Data for review Start Marker

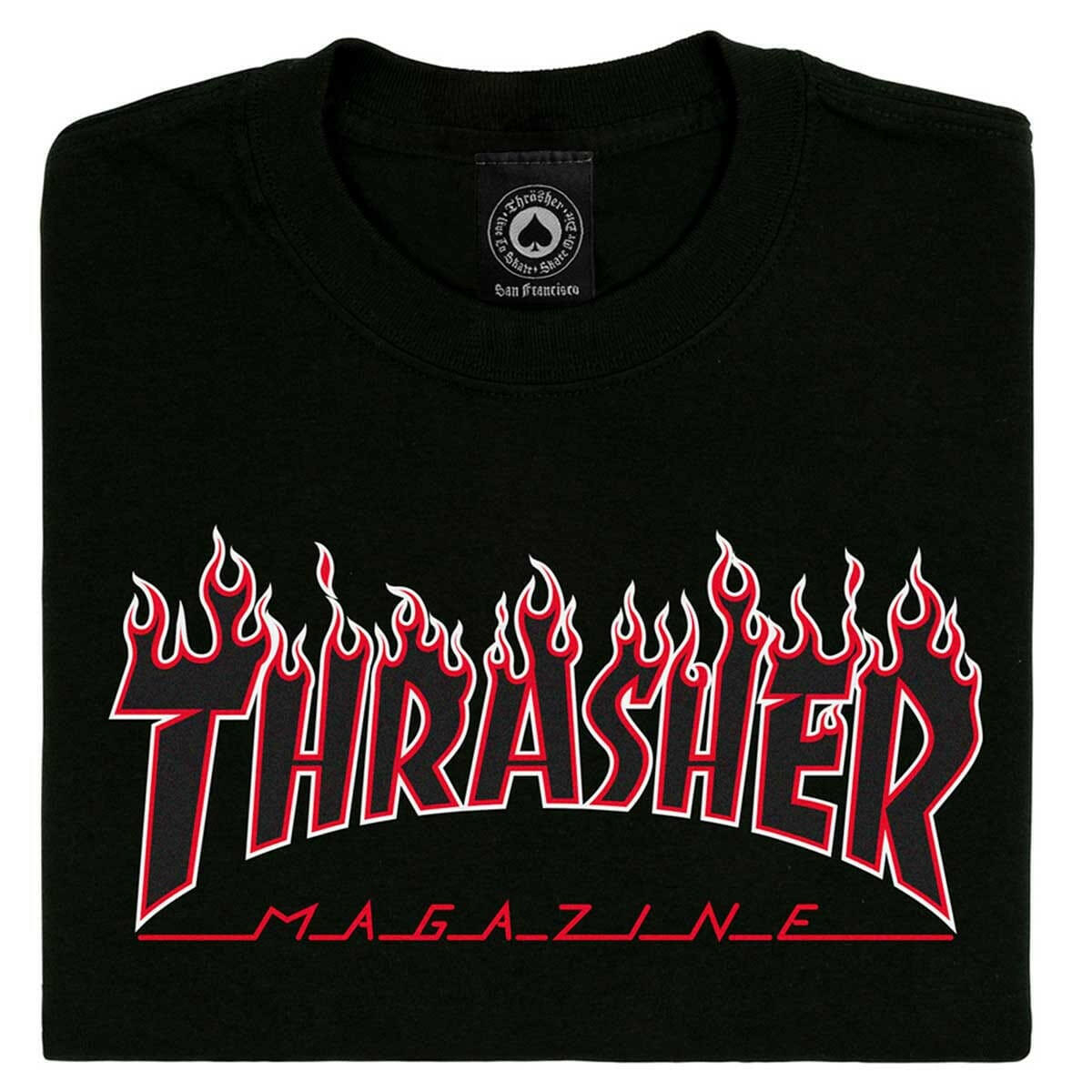 Thrasher - Flame Longsleeve Tee Black/Red.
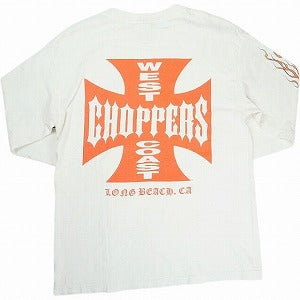 VINTAGE ヴィンテージ West Coast Choppers ウェストコーストチョッパーズ Skull Flame Red Cross LS Tee ロンT 白 Size 【L】 【中古品-良い】 20823553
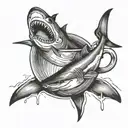 two sharks swimming in a circle in an espresso cup  tattoo design idea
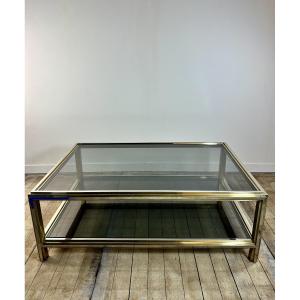 Vintage Coffee Table In Chrome Steel And Gold Brass 1970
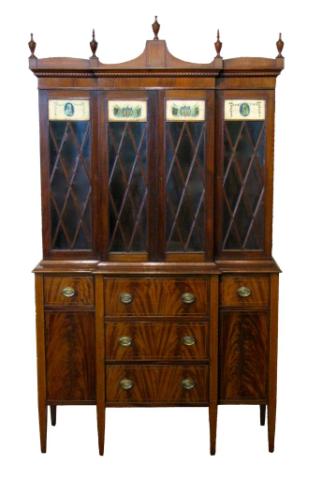 Appraisal: Federal-style breakfront bookcase secretary mahogany circa 's 's inlaid trim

Data for review End Marker

■ Task to carry out
Pictures are not part of the copy. Extract exactly the lines from the line containing "Vintage Coffee Table" through the final line of the entries above, both included.

■ Your solution
 Vintage Coffee Table In Chrome Steel And Gold Brass 1970
 Appraisal: Federal-style breakfront bookcase secretary mahogany circa 's 's inlaid trim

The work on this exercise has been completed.